Thoughts for developing a small business New Year's resolution
December 27, 2011
The new year offers an opportunity for people to start over. While the actual cosmological pinpointing of New Year's Day is arbitrary, it serves as a moment when people can cleanse themselves of the previous year and commit to new goals.
The same is true when it comes to the professional world. Business owners should take this last week of 2011 to review the year that was and develop resolutions for 2012. But before you hastily commence to allotting sales goals and profit schedules, take some time to think about the idea of setting goals.
While the new year is the time for making personal resolutions, business owners should be establishing objectives for themselves year-round. Executives rely on meeting their projections to inform and learn from their growth strategies.
"For a C-suite dude, so much hinges on making goals: bonuses, job evaluations, consideration for promotions, peer respect and more," writes Geoff Vincent for the BizCompare blog. "Looked at another way, not making goals is the kiss of death and the higher up you are the more accentuated are the consequences (good or bad). So if something isn't going to help me make my goals, what are the odds that I'm going to champion it?"
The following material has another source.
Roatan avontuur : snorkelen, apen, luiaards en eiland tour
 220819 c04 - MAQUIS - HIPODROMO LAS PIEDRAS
Small business owners should weigh the individual goals of different departments (marketing, sales, human resources, IT, finance, etc.) against the goals of the company. Ask yourself: Which of the departmental objectives most closely match those of the company as a whole?
Of course, making goals as an individual business owner can have downsides. Especially at the end of the year, when sales are peaking and year-end pressures mounting, business owners can become distracted by narrow concerns that cloud their judgment. Said another way, goals set at the end of December or beginning of January may not reflect corporate strategy seven months hence. Accordingly, business resolutions should focus on broad, consistent concerns, as opposed to highly specific, niche demands.
"It's not my conviction that every C-suite person is so narrow and consumed by their goals that they are without the ability to recognize and act on a sensible opportunity," Vincent adds. "What I am saying is that goals are first and foremost and will rarely be sacrificed at the altar of a cool idea."